→ What the task requires
Without changing a word, repeat the data, and include no pictures.

→ Dataset extract
== == ==
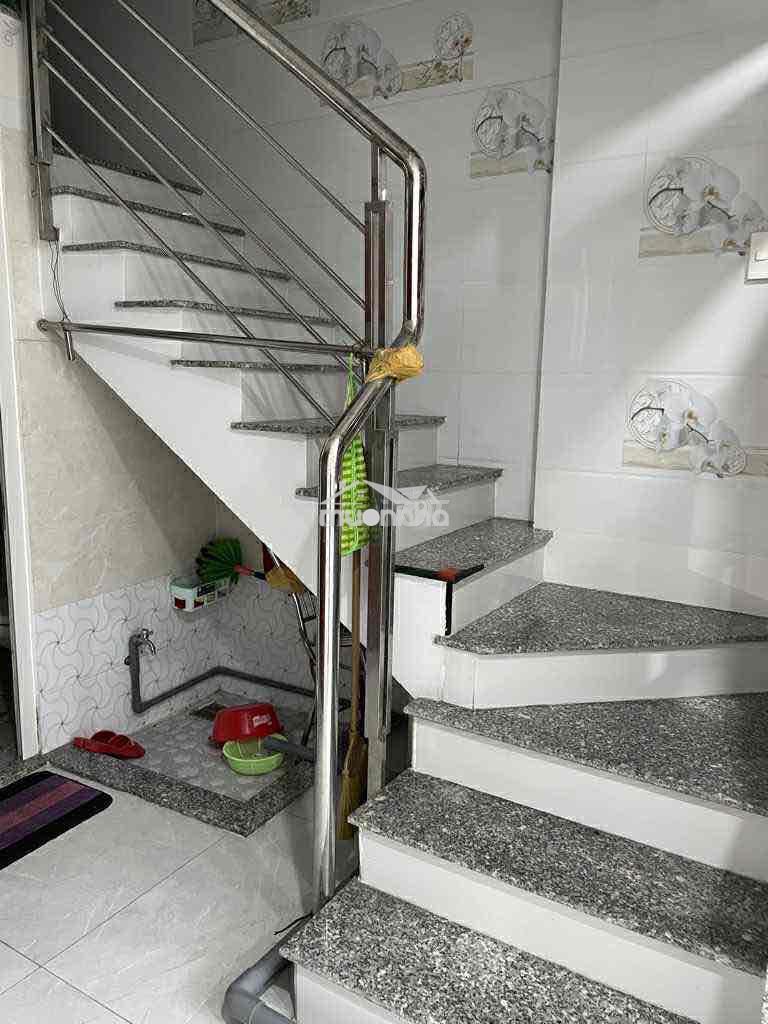 Nhà đường nơ trang long - 46,3m2 - nở hậu - hẻm xe hơi - chỉ 5.4 tỷ - 4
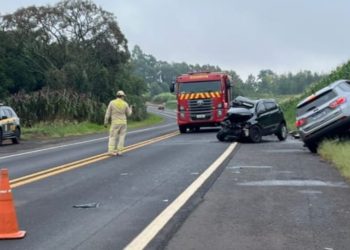 Jovem morre em colisão frontal entre Fox e Jeep Compass na BR-373
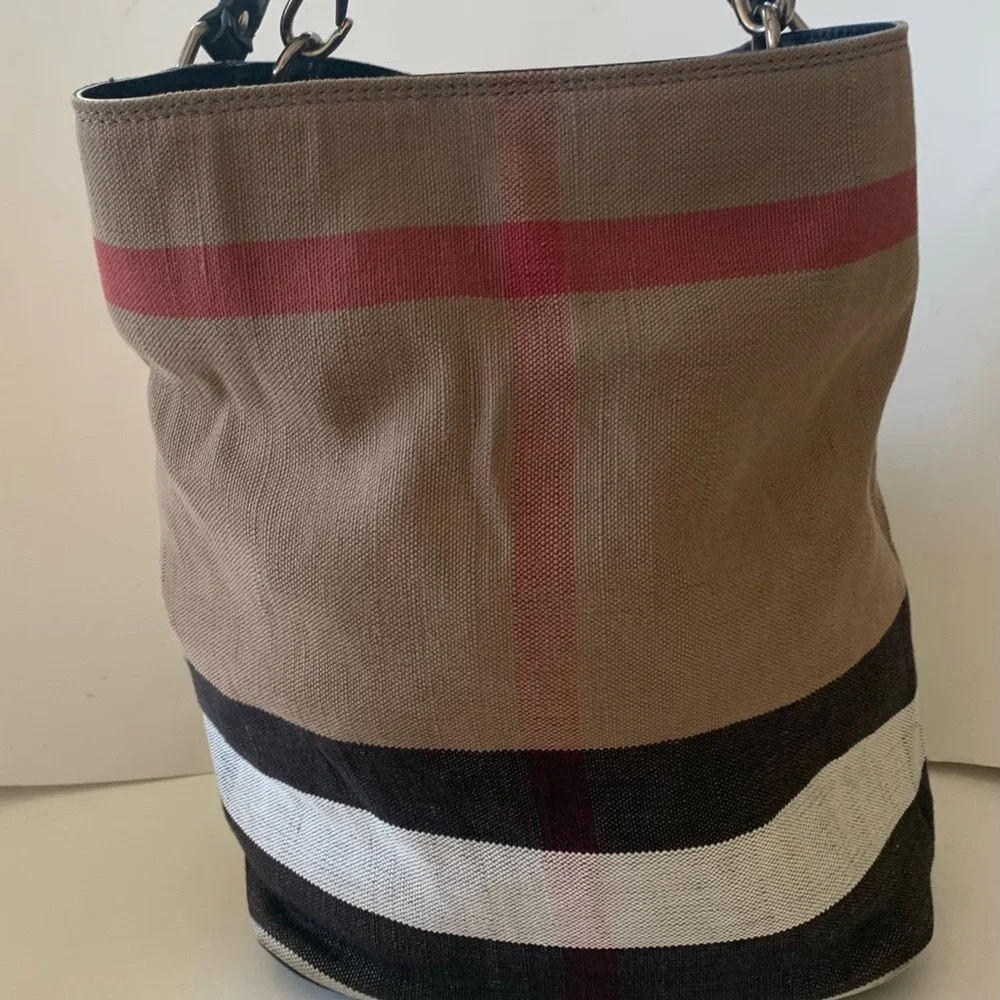 Authentic Burberry Ashby Hobo Bag - Picture 3 of 12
== == ==
→ Your response
 Nhà đường nơ trang long - 46,3m2 - nở hậu - hẻm xe hơi - chỉ 5.4 tỷ - 4
 Jovem morre em colisão frontal entre Fox e Jeep Compass na BR-373
 Authentic Burberry Ashby Hobo Bag - Picture 3 of 12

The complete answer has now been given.